Solved – Systematic Sampling with unequal probabilities

probabilityrsamplingsystematic

I found the library Sampling in R to conduct a systematic random sampling with unequal probabilities. I got my sample but I really don't know how that sample is selected. Is there anyone that can explain how a systematic sampling with unequal probabilities is selected?.

Here's my code:

# The inclusion probabilities are calculated proportional to the size ofthe variable #"TOTAL DOCENTES".    
pinclusru <- inclusionprobabilities(rural$TOTALDOCENTES,284)

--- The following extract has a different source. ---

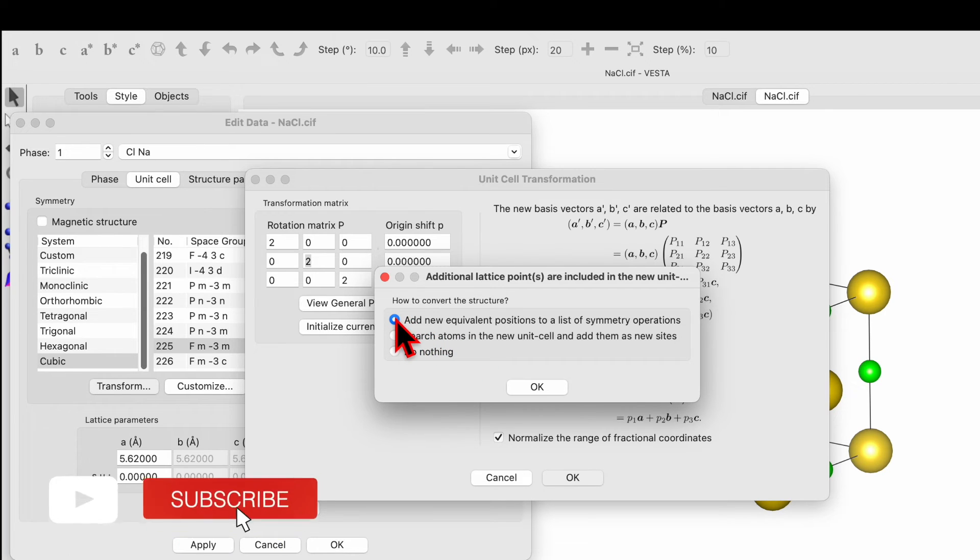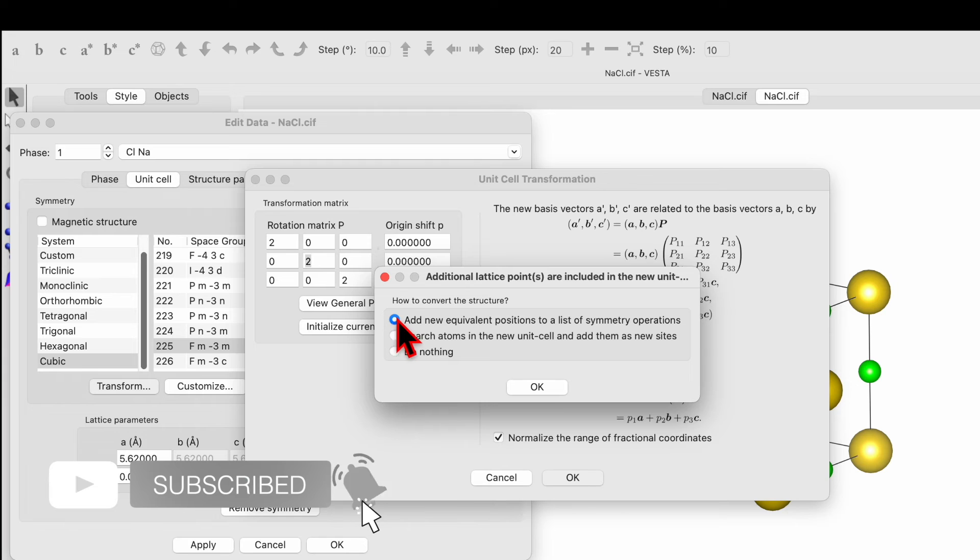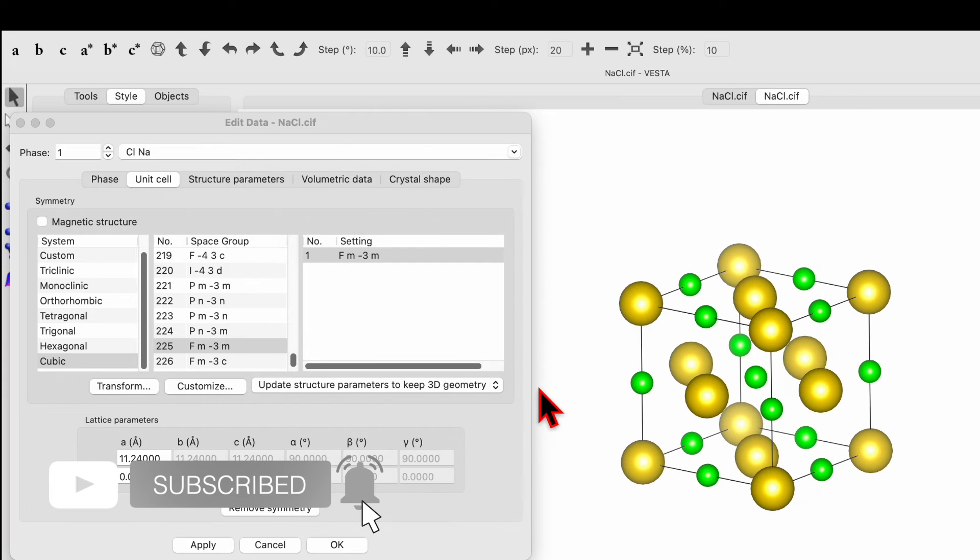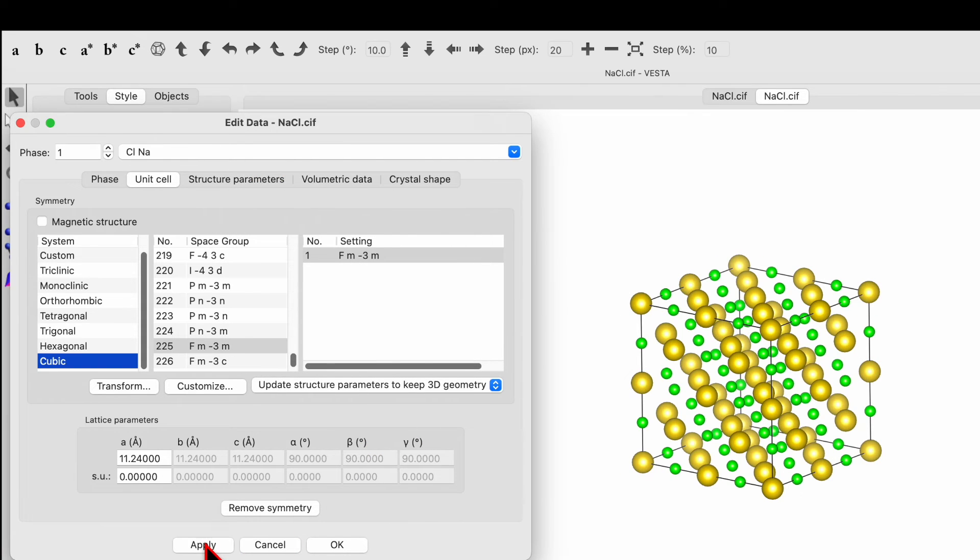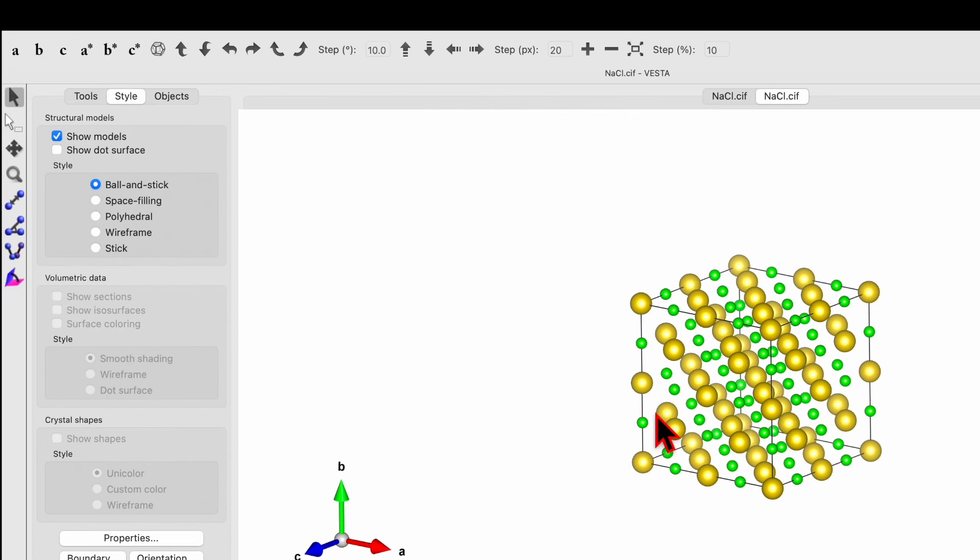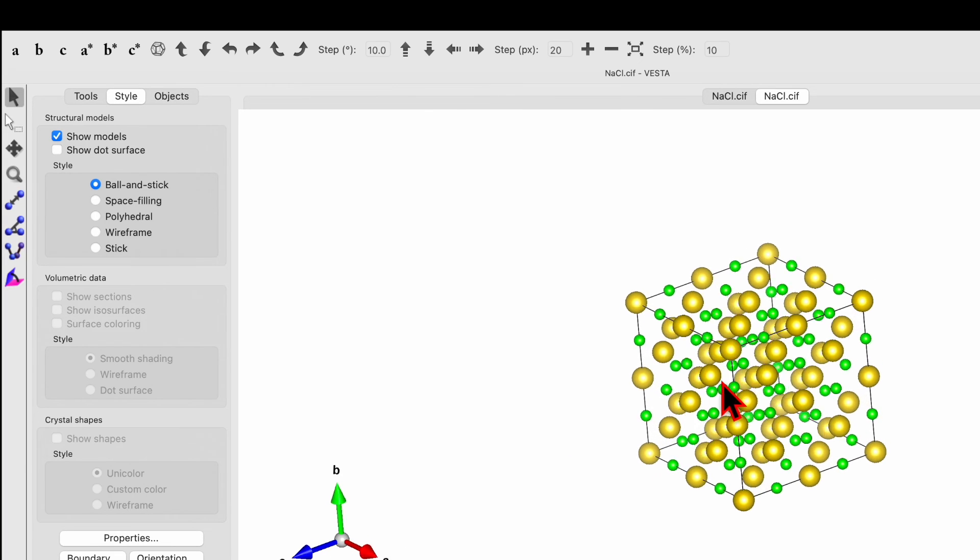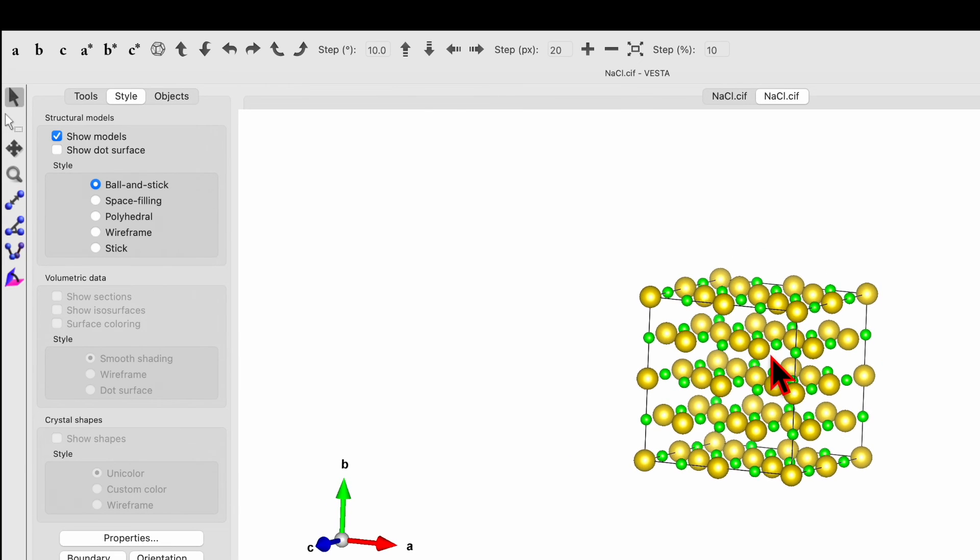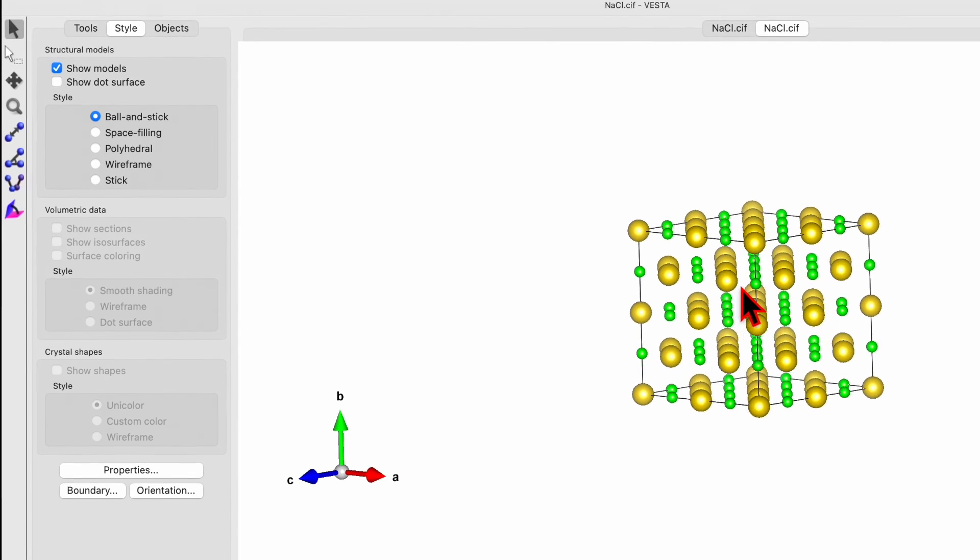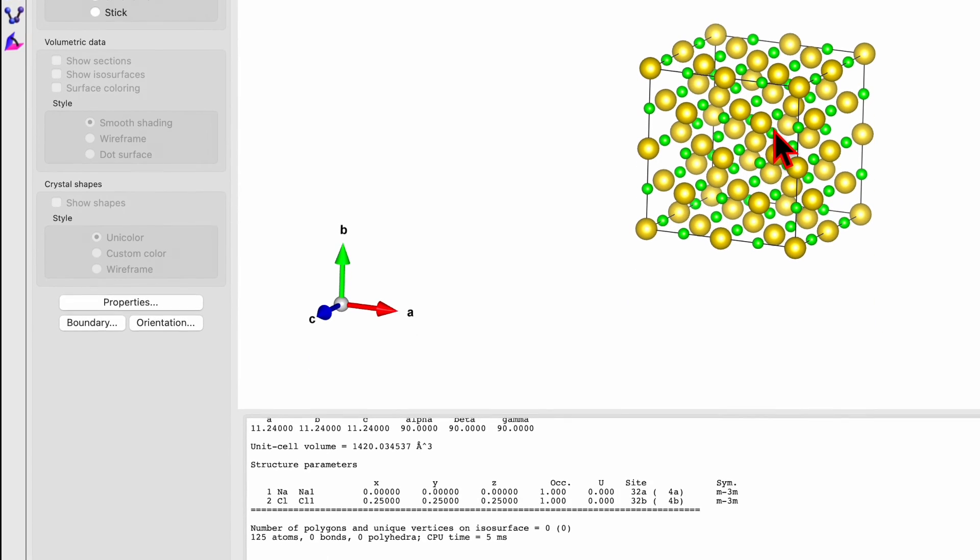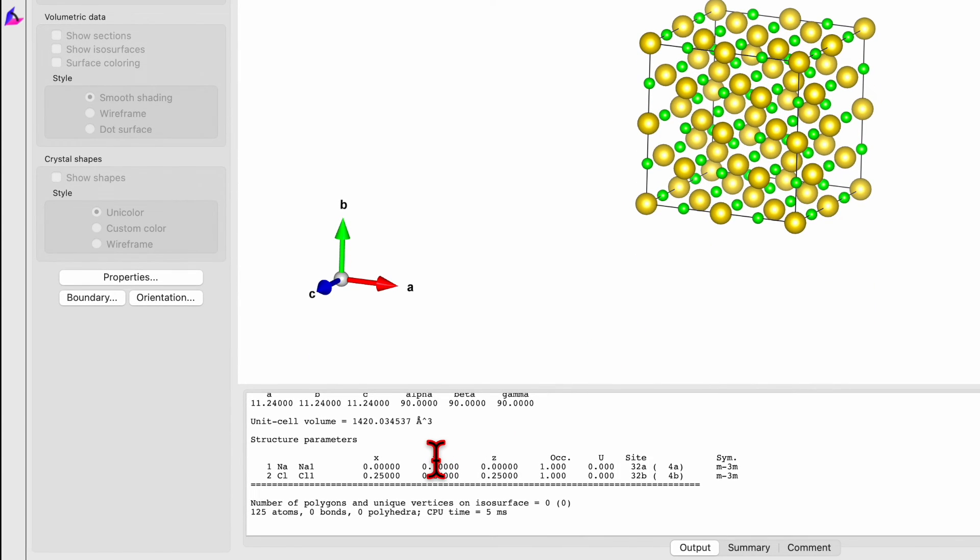Click ok and then click on the apply button. Okay, so now you can see the unit cell has been transformed from a single unit cell to a supercell. Okay, in the bottom.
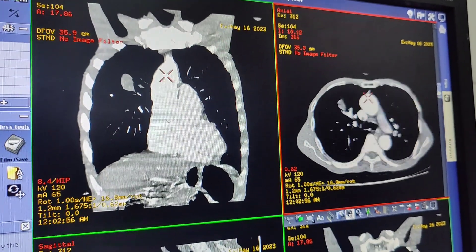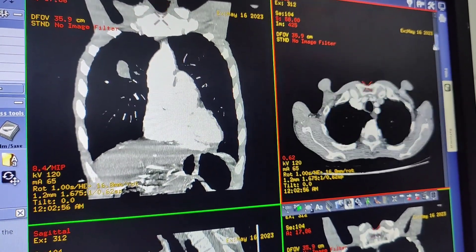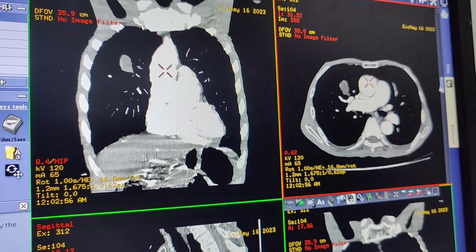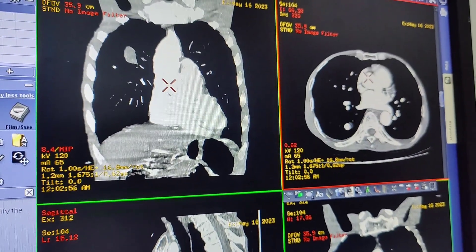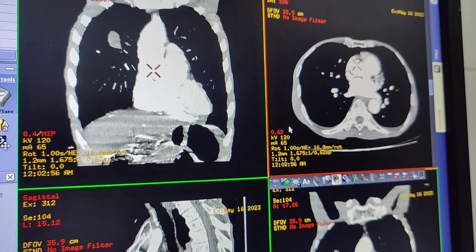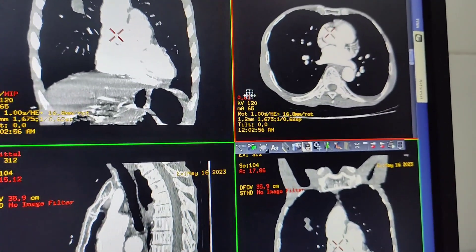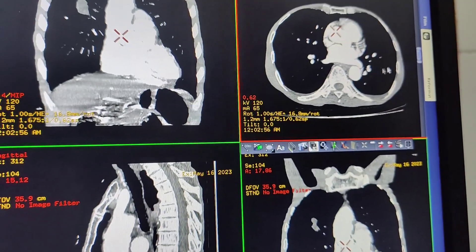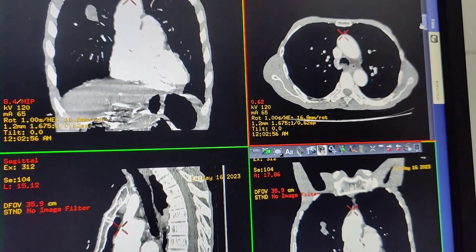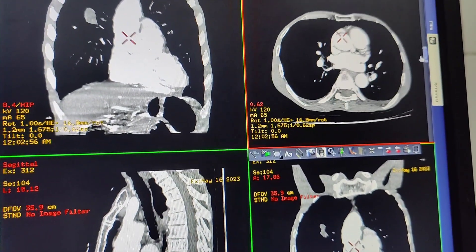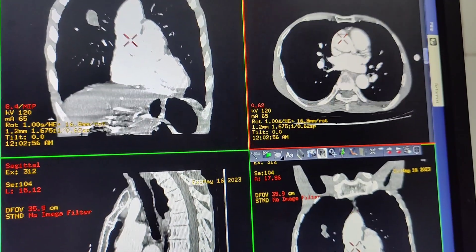We're going to go through some aspects of minimum, average, and maximum intensity projections. Where the red number is — 0.62, where the cursor is — that's the thickness of this current view of these images of the lungs, of the chest.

#A systematic sampling is conducted with the inclusion probabilities    
    indmuestraurbano <- UPsystematic(pinclusur)

Best Answer

Systematic sampling is an algorithm that implements unequal (or equal) fixed size sampling with respect to a given vector of 1st order inclusion probabilities. Let me show you how it works with an example :

Let's say we want a sample from population $ \{A,B,C,D,E,F\} $, and our sampling design (fixed size 3) is :

$ \begin{align*} \pi_A &= \frac{1}{3} \\ \pi_B &= 1 \\ \pi_C &= \frac{1}{6} \\ \pi_D &= \frac{2}{3} \\ \pi_E &= \frac{1}{3} \\ \pi_F &= \frac{1}{2} \end{align*} $

(Note that : $ \sum_i \pi_i = 3 $).

To do this with systematic sampling, let's order our population along an x-axi, each individual of the population "owning" an interval which length is its inclusion probability :

systematic sampling 1

Then, we randomly draw u from a $ \mathcal{U}(0,1) $, and we select the units which intervals contain u, u+1 and u+2 For example, if we get $ u = 0.05 $, it gives :

Systematic sampling draw

And our sample is : $ \{A,B,D\}$

Please note that systematic sampling does not respect 2nd order inclusion probabilities of your sampling scheme, and real 2nd order inclusion probabilities are very hard to compute. In addition, some 2nd order inclusion probabilities might be equal to 0. Thus, traditional variance estimators don't apply in systematic sampling.

Systematic sampling is a very low entropy sampling scheme, and is often used on either a pre-shuffled population database or a pre-ordered population database (in which case it behaves like stratified sampling on the variable the database was ordered).